ASSIGNMENT -
Copy the data exactly. Images are the one exception.

(INFORMATION SHOWN begins)

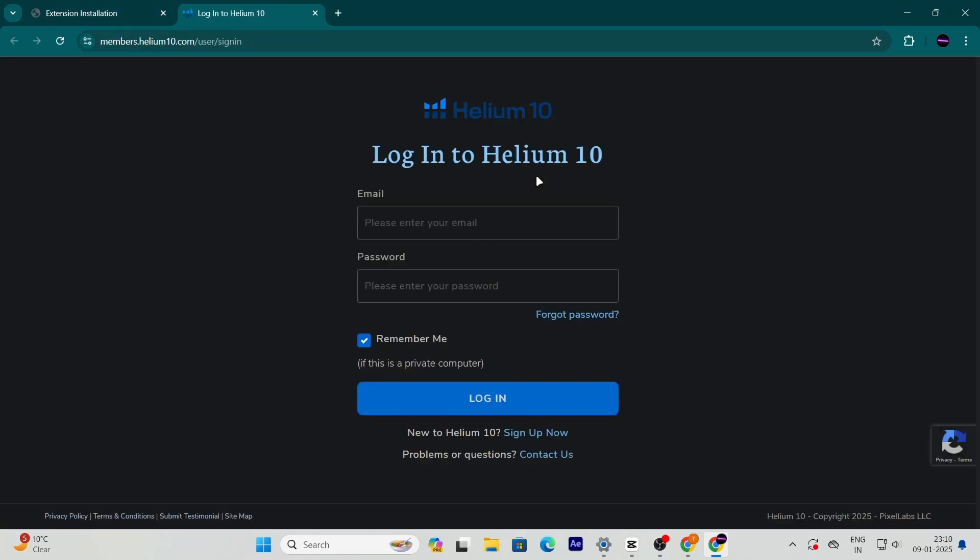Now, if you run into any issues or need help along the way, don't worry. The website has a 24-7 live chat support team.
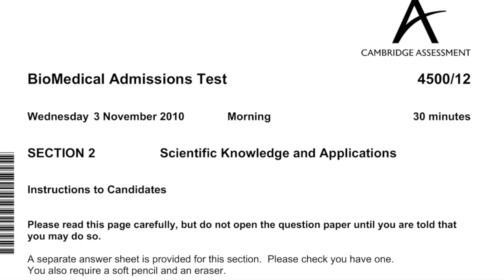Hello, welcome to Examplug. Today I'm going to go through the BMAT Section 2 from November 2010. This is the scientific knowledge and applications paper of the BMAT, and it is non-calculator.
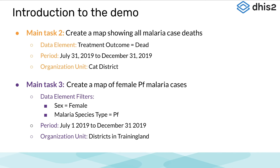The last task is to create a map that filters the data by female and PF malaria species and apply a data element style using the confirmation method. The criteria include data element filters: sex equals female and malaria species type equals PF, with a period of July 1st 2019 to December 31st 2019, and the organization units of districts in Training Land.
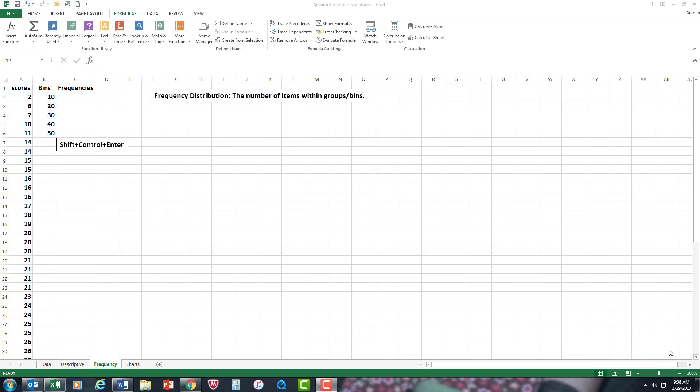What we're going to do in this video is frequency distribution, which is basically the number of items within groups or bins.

(INFORMATION SHOWN ends)

EXERCISE OUTPUT -
Now, if you run into any issues or need help along the way, don't worry. The website has a 24-7 live chat support team.
Hello, welcome to Examplug. Today I'm going to go through the BMAT Section 2 from November 2010. This is the scientific knowledge and applications paper of the BMAT, and it is non-calculator.
The last task is to create a map that filters the data by female and PF malaria species and apply a data element style using the confirmation method. The criteria include data element filters: sex equals female and malaria species type equals PF, with a period of July 1st 2019 to December 31st 2019, and the organization units of districts in Training Land.
What we're going to do in this video is frequency distribution, which is basically the number of items within groups or bins.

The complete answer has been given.